Saul Bass était un graphiste respecté pour ses contributions au cinéma. Il a participé à une cinquantaine de films pour des affiches et génériques, des années 1950 (Sept ans de réflexion de Wilder, Sueurs froides d'Hitchcock) à sa mort (collaboration avec Scorsese les dernières années, achevée sur Casino). Saul Bass s'est aussi essayé à la réalisation avec succès : ses courts-métrages sont récompensés dans les festivals, Why man creates (1968) remporte même un Oscar. Il y eut aussi un long-métrage, l'unique en raison de son échec commercial : Phase IV. La réception critique est plus enthousiaste : Prix spécial du jury à Avoriaz en 1975, comparaisons à Solaris et 2001.

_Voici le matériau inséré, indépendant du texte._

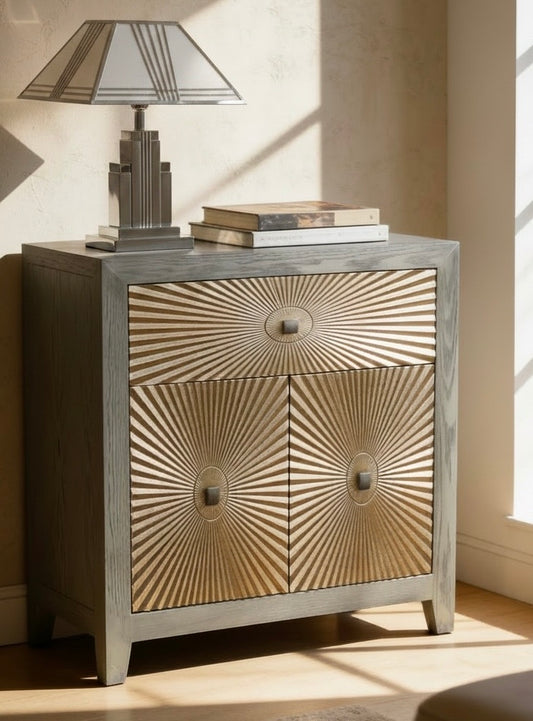 Stunning Starburst Art Deco Retro style storage cupboard cabinet Gold Aqua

Sorti en 1974, Phase IV s'inscrit dans la lignée de la SF pessimiste de son époque (sans se livrer à ses codes), rejoignant également la catégorie « animaux tueurs » liée au fantastique et à l'horreur (comme en atteste la vague des Universal Monsters, ou des produits tels que Them ! en 1954). Le film présente des fourmis noires s'attaquant aux humains mais garde ses distances, à l'instar des scientifiques à l'étude. Le principal se déroule autour de ces deux chercheurs et professeurs, depuis leur QG en Arizona, parfois sur le terrain. Les phénomènes ne les atteignent pas directement et le spectateur se retrouve face à des des incursions 'parallèles', voire des diapositives contemplatives avec généralement un prétexte explicatif.

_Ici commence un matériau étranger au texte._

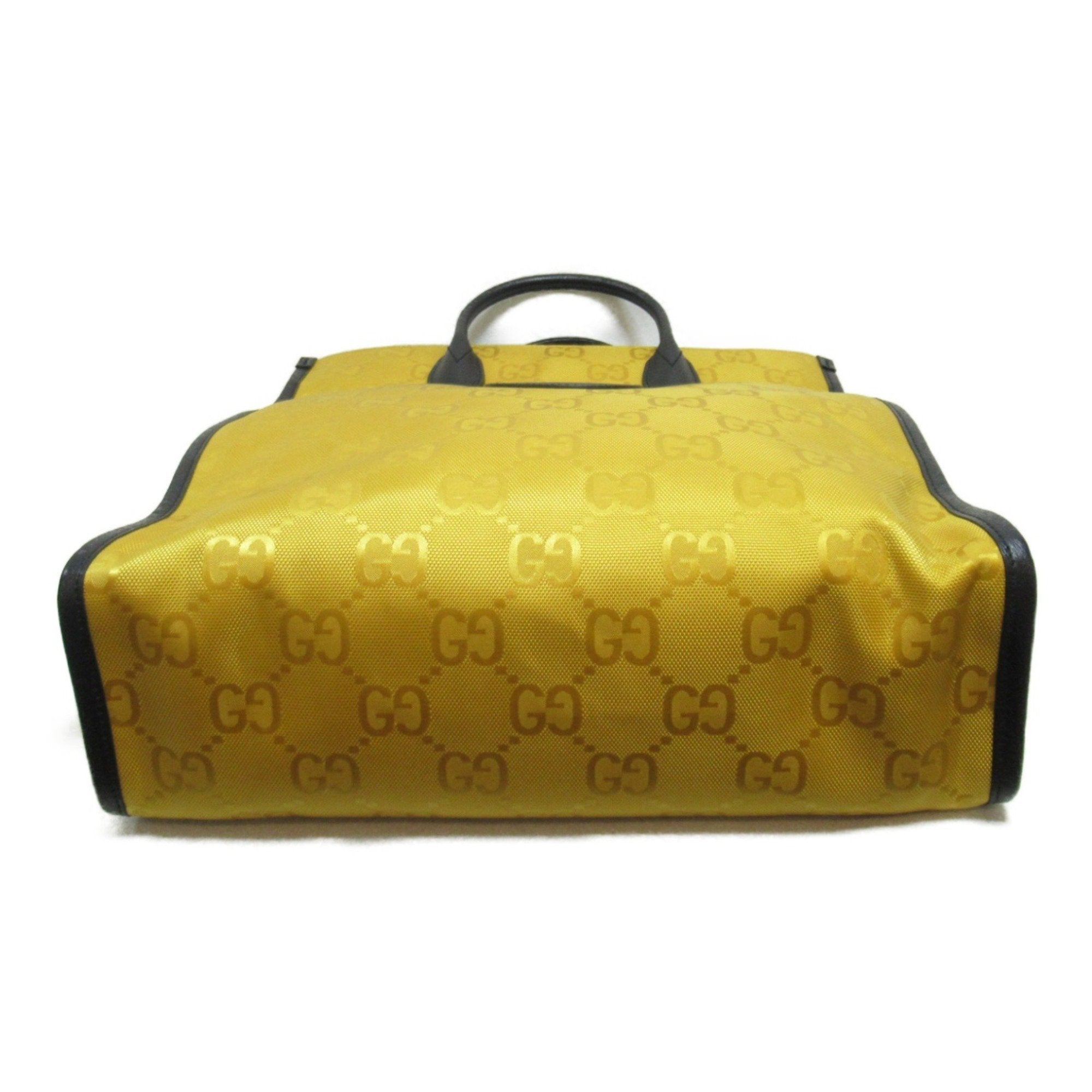 Gucci Black Yellow Leather Nylon Tote Bag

Phase IV envoie une poignée de bonnes idées, qui sont pour la plupart sublimées dans la mise en scène, ne donnant matière qu'à des ouvertures et non des réflexions élaborées. L'inventivité visuelle de Saul Bass vaut les facéties de Soleil vert (classique de SF, dans un registre très différent) ou de Rollerball. Malheureusement le scénario est faible ou plutôt 'fugace' : il ne s'autorise à prendre ni poids ni volume, raconte et ajoute à peine aux illustrations, les accompagne pour les alourdir en somme. La 'main invisible' de la réalisation semble s'arrêter devant les protagonistes, intimidée par eux et leurs pérégrinations spéculatives, leurs laborieuses et savantes analyses. La tension est donc au plus bas, mais une certaine magie, une passion froide enrobe le défilé d'images.

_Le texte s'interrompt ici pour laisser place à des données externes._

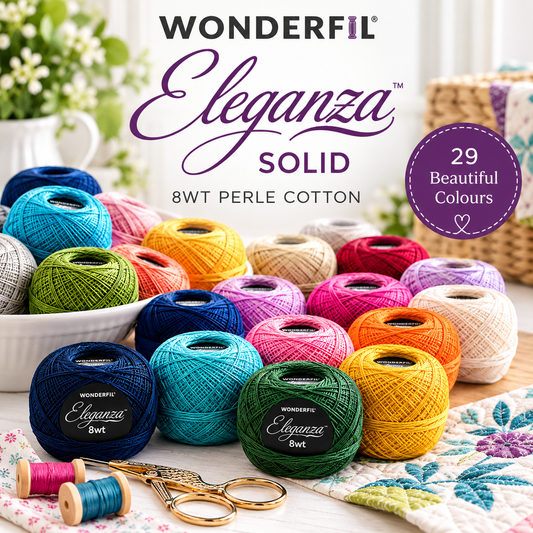 WonderFil Eleganza 8wt Solid Perle Cotton 5g | 29 Colours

Phase IV n'est pas un film d'exploitation mais il souffre tout de même de quelques aspects sinon nanars, du moins un peu candides (la fille démolissant la cage des fourmis car elles ont bouffé son cheval). En même temps, il n'a pas le côté brinquebalant, explosif et collectif de mi-nanars mi-délires visionnaires type Zardoz. Phase IV se taille sa propre identité dans un no man's land, tutoyant certains territoires plus clairs, en étant un inaccompli assuré s'il s'y raccroche trop. Comme divertissement il est inopérant, comme petit précis philosophique il est creux, comme prophétie filmée il est finalement assez pudique et fantaisiste à la fois. Il rejoint La forteresse noire et d'autres plus ou moins culte ou maudits, au rang des petits films majestueux et bizarre aux airs de chefs-d'oeuvre mal ficelé.